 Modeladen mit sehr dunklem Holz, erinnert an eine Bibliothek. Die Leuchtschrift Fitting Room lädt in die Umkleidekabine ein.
--
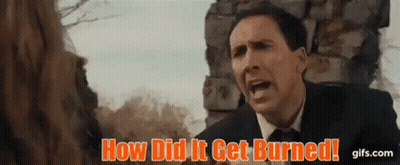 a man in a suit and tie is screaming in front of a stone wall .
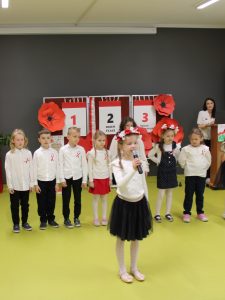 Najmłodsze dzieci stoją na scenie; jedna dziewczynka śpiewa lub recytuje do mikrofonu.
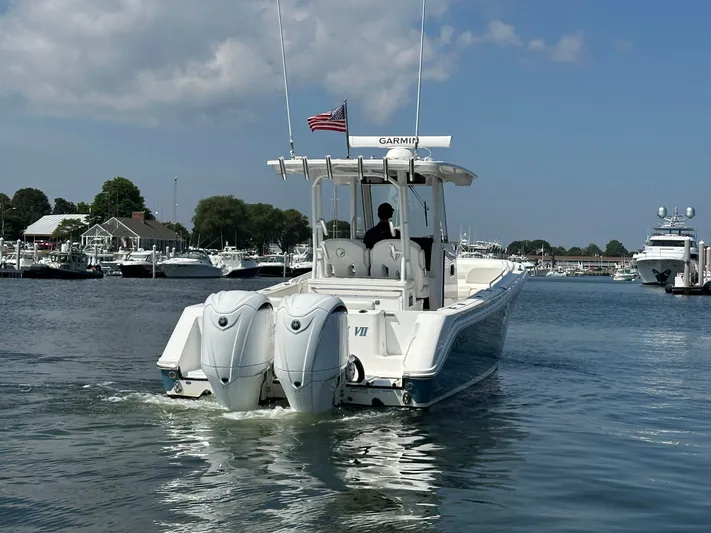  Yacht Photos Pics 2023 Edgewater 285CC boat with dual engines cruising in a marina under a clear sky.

### [Task]
Output only the lines above from the one containing "a man in a suit" to the one containing "Yacht Photos Pics", both included, exactly as written and with no pictures.

### [Written response]
 a man in a suit and tie is screaming in front of a stone wall .
 Najmłodsze dzieci stoją na scenie; jedna dziewczynka śpiewa lub recytuje do mikrofonu.
  Yacht Photos Pics 2023 Edgewater 285CC boat with dual engines cruising in a marina under a clear sky.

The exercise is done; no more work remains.